It’s my brother Tom’s
birthday! I miss him terribly, but especially on this special day.
He was a remarkable
artist who had no formal training. He could look at any scene or object and
re-create it in any medium you asked him to—pen and ink, pencil, crayon—I was
so envious of his talent I could scream!
I found out a few days
after his funeral, when I was clearing out his things from Mom’s house and
found a journal he had been keeping, that he could also paint beautiful
pictures with words!
He wrote an entry
dated about a month after his son Tommy was killed in a boating accident while
they were out fishing. It read:
“Every time I go fishing, I will remember that
the last moments of Tommy's life were filled with love.
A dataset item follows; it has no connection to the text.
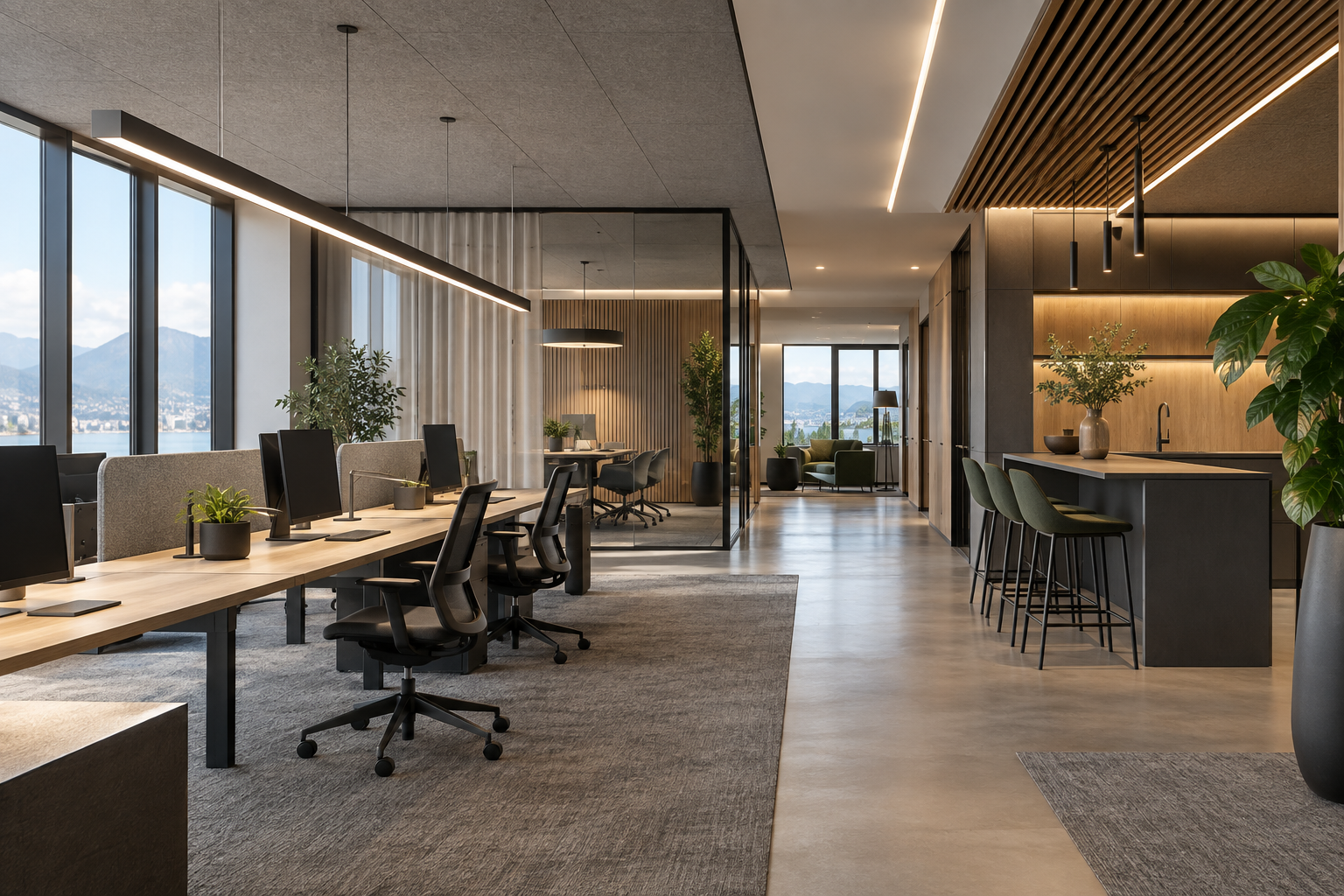 Büro mit professioneller und energieeffizienter Beleuchtung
Because I know how much
he loved me and that we had spent a blissful afternoon; and we were excited
about the prospect of spending the remainder of the day together fishing,
swimming and laughing--completely content.
Some time ago, I was
asked the question, "What do you think are the one or two words that
describe how you would like to live the rest of your life?" I responded
with "contentment and serenity." Afterwards, I was asked to draw what
my vision of "contentment and serenity" would look like.
I drew a picture in my
mind of a man sitting, no, reclining in a simple rowboat, with a straw hat
providing his only disguise from the mid-day sun. Far in the distance the
shoreline doubled as the horizon, with images of some agricultural
outbuildings, surrounded by harvested cornfields, somewhat overgrown by time.
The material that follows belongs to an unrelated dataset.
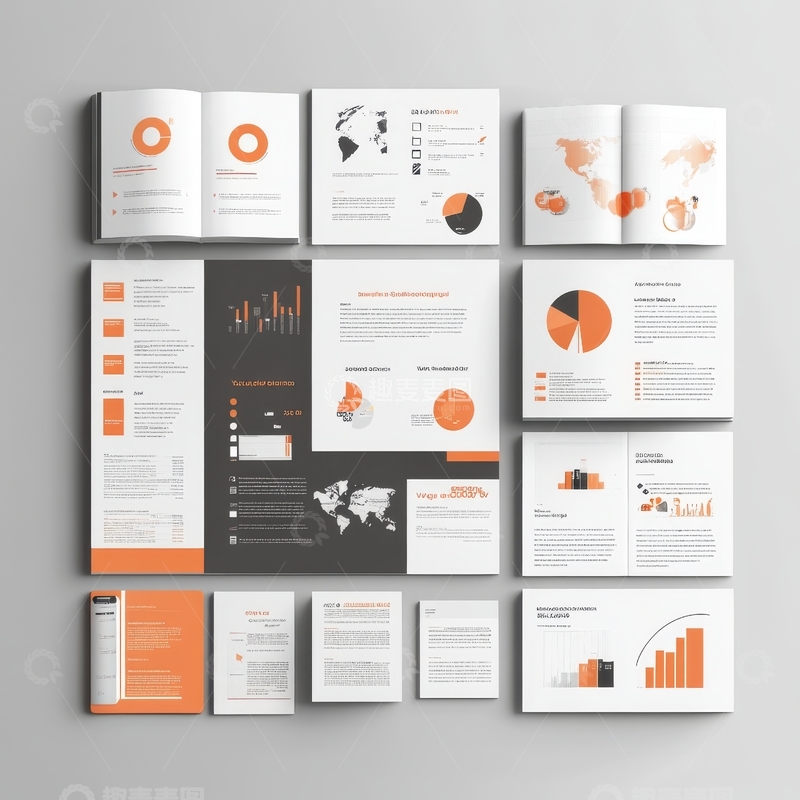高清大图下载【趣麦麦图】橙白商务报告设计模板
The remainder of the horizon was in its natural state, as one would expect to
see on any leisurely Sunday drive in the mid-west states of Iowa, Illinois,
Indiana or Michigan; Tall cottonwood trees, Dutch elms, oaks, river birch, and
eucalyptus.
The sun was giving the
most magnificent reflection of all of Nature's beauty on the water,
ever-changing with the passing of the day. Out of nowhere the sweet, warm
afternoon breeze would cause the sunlight to sparkle through the leaves of the
trees on the horizon; falling, then without warning, dancing with the boat
through the rippling carpet of water.
Possibly the most
serene notion of this beautiful passage of time is that…"
Tom’s entry stopped
abruptly there. I wish he had drawn the
picture and included it in the entry, but I could see what he was describing as
clearly as if he had painted it. I was crying as I read it and I
believe that the Holy Spirit allowed me to see into Tom’s heart at that moment
and finish his sentence:
’Possibly the most
serene notion of this beautiful passage of time is that…I
am the man in the boat’.
Please join me in
prayer today that since he didn’t have the “contentment” and “serenity” he so
hoped for in this life that he is enjoying both now wrapped in the arms of Our
Blessed Mother in the presence of her Son.